Hey guys: a couple of bug fixes. First of all, there was a mistake in my "outline" of the metropolis code. I had the inequality for the acceptance ratio logic going the wrong direction. The corrected code follows:

## Sample Metropolis-Hastings algorithm
# function to compute log(h(theta))
log.h <- function(theta,data){
met <- function(data,initials,NREP){
  # Constants
  n <- dim(data)[1]
  p <- length(initials)
  # Empty matrix to hold samples
  chain <- matrix(NA,NREP+1,p)
  # Initialize the chain
  chain[1,] <- initials
  for (i in 2:(NREP+1)){
    # Parameters of the proposal
    meen <-
    var <-
    # Draw a proposal value
    thetastar <- rnorm(1,meen, var)
    # Compute the rejection ratio
    logr <- log.h(thetastar) + dnorm(chain[i-1,],meen,sqrt(var),log=T)
       - log.h(chain[i-1,]) - dnorm(thetastar,meen,sqrt(var),log=T)
    # Decide whether to accept or reject
    if (logr > 0){
      chain[i,] <- thetastar
    } elseif (logr > log(runif(1))) {
      chain[i,] <- thetastar
    } else {
      chain[i,] <- chain[i-1,]

Second, it appears that in the GeoBugs extra credit opportunity, the maps aren't going to load in because it doesn't like negative x values.
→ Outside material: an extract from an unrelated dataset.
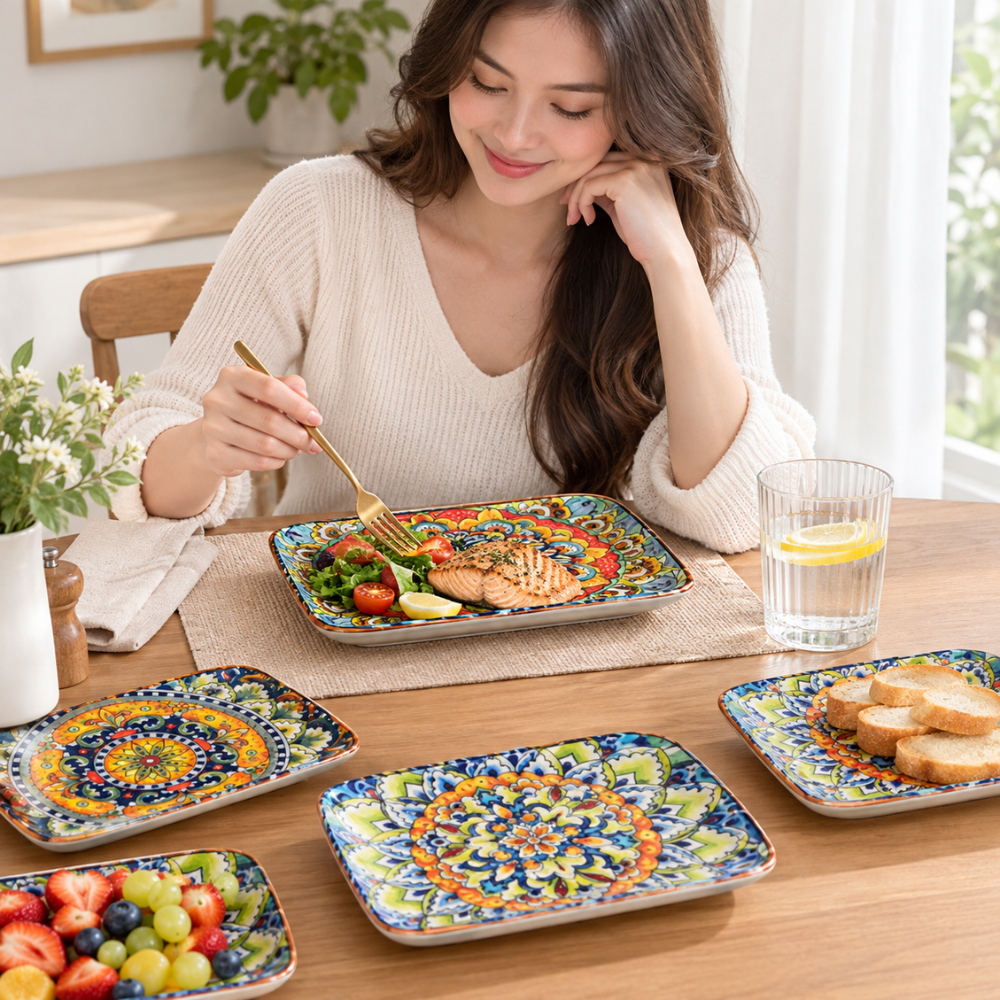 Servierplatten 4er-Set aus Keramik – Rechteckige Platten mit buntem Mandala-Muster für den Tisch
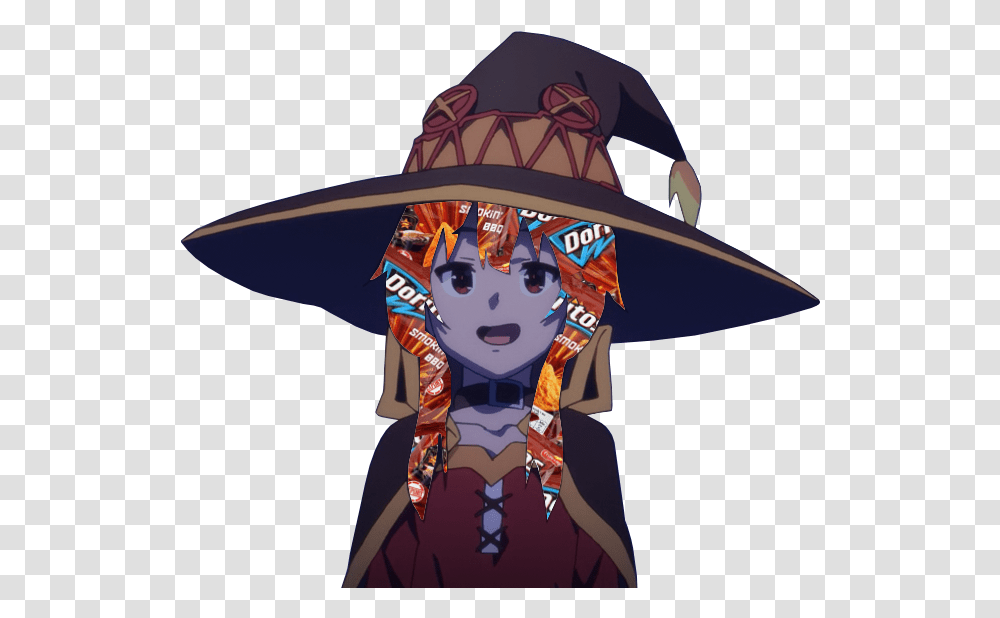Konosuba Megumin Anime Sticker By Babygiorno Anime Witch Girl Cute, Clothing, Apparel, Hat, Sun Hat Transparent Png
One solution is to simply add a large constant to all of the longitude values in the polygon file produced by R so that they are positive.

February 22, 2010

Posterior Density Plots from BRugs

If you're using BRugs to fit your models (which I think has many advantages over using WinBUGS directly), here's how to make a density plot:

If you set the coda option to TRUE, the output object from BRugsFit will be of type mcmc.list. This is a list in which each element is one chain of MCMC samples. Within each chain, you have a matrix with one node in each column. To plot the histogram for both chains for a single node, use code like this:

myfit <- BRugsFit(...,coda=T)
Z13.samples <- unlist(myfit[,'Z[13]',]) # this gets the 'Z[13]' samples from all chains

February 21, 2010

Posterior Predictive Probabilities Trick

Here's a little hint for HW3:

Brad has shown you how to put in a covariate value, X=100, and leave the outcome value unobserved, Z[13]=NA. This will get WinBUGS to sample from the posterior predictive distribution for Z[13]|X=100.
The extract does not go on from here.